How to Protect Due Process Rights in the Age of AI
Duke Law’s Brandon Garrett says governments can help protect Americans’ due process rights by using interpretable, or “glass box,” AI systems
Distinguished Professor Brandon L. Garrett
Like companies and individuals, government agencies have adopted a wide range of AI tools. They can be used to identify a crime suspect or determine someone’s eligibility for health benefits. But when governments use AI models in ways that implicate our liberty or property, procedural due process rights are at risk, warns Duke Law professor Brandon L. Garrett.
“We’ve seen AI systems rolled out throughout the government and often without regulatory guardrails,” Garrett said. “I think people are rightly worried about the threats to their due process rights. And fortunately, the Due Process Clause does provide important constitutional guardrails.”
Especially concerning, he says, are “black box” AI models, which by design do not disclose the process through which they generate their output. In his recent paper Artificial Intelligence and Procedural Due Process, Garrett weaves together legal history, judicial decisions, and recent computer science research on interpretable AI, to chart a path forward for how governments can take advantage of AI’s vast capabilities while also respecting due process.
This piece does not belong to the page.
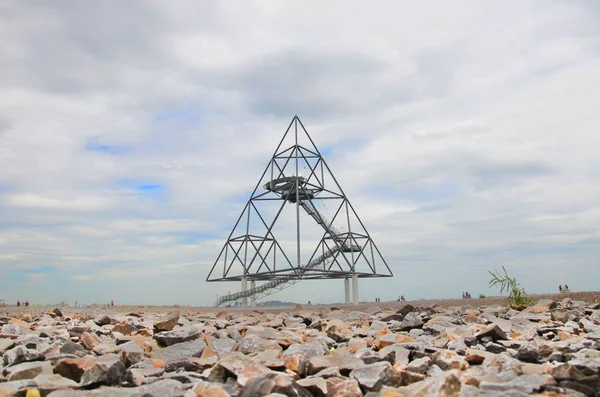 Fotografia no piso térreo do Tetraedro em Bottrop, Alemanha, tirada em um dia nublado de verão. A estrutura de aço walkable na forma de um tetraedro construído em um depósito de mina é popular entre os turistas — Fotografia de Stock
“You cannot possibly protect someone’s due process rights if the government is relying on black box AI, because they do not disclose what factors the system is relying on, and certainly the person affected doesn’t know how it works,” said Garrett, the David W. Ichel Professor of Law and director of the Wilson Center for Science and Justice at Duke Law School.
The key term, defined in prior work with Duke computer science and engineering professor Cynthia Rudin, is “interpretable” AI: systems that set out what factors and weights actually correspond to its predictions. Such a model is designed to tell people how it actually makes its calculations. Garrett explains: “People are entitled to meaningful notice and an opportunity to be heard, if the government seeks to deprive them of life, liberty or property. A black box system offers no notice.”
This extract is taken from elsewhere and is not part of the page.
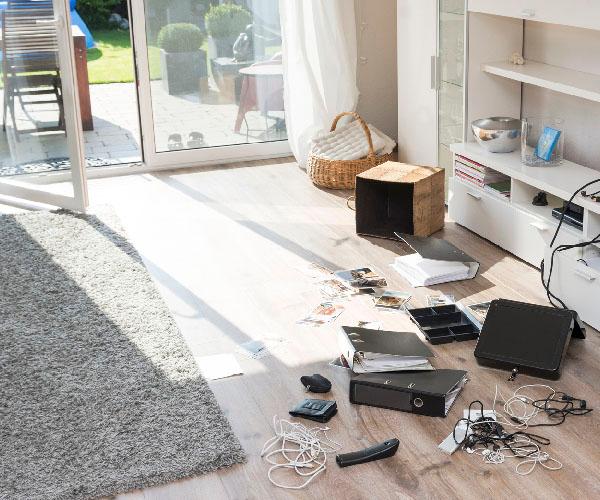 A living room that has cords and broken items on the floor with an open glass door.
Trading black box for glass box
While courts are seeing a growing number of lawsuits over decisions made with the use of AI, Garrett points out that new technologies have long raised questions about due process. For example, early cases challenged computerized notice methods for “failure to provide meaningful explanations of government actions,” Garrett writes.
Today, governments are adopting AI and other algorithmic-based systems that can make a wide range of momentous decisions. Garrett describes a 2023 case in which Francisco Arteaga was apprehended as a robbery suspect after his image was matched to crime-scene surveillance footage by an AI-powered facial recognition system.
The trial court ordered prosecutors to provide Arteaga with information about the AI system — “the identity, design, specifications, and operation of the program or programs used for analysis, and the database or databases used for comparison” — so he could meaningfully respond. While he eventually won the appeal, Arteaga spent nearly four years in pre-trial detention fighting for information about the system that initially identified him.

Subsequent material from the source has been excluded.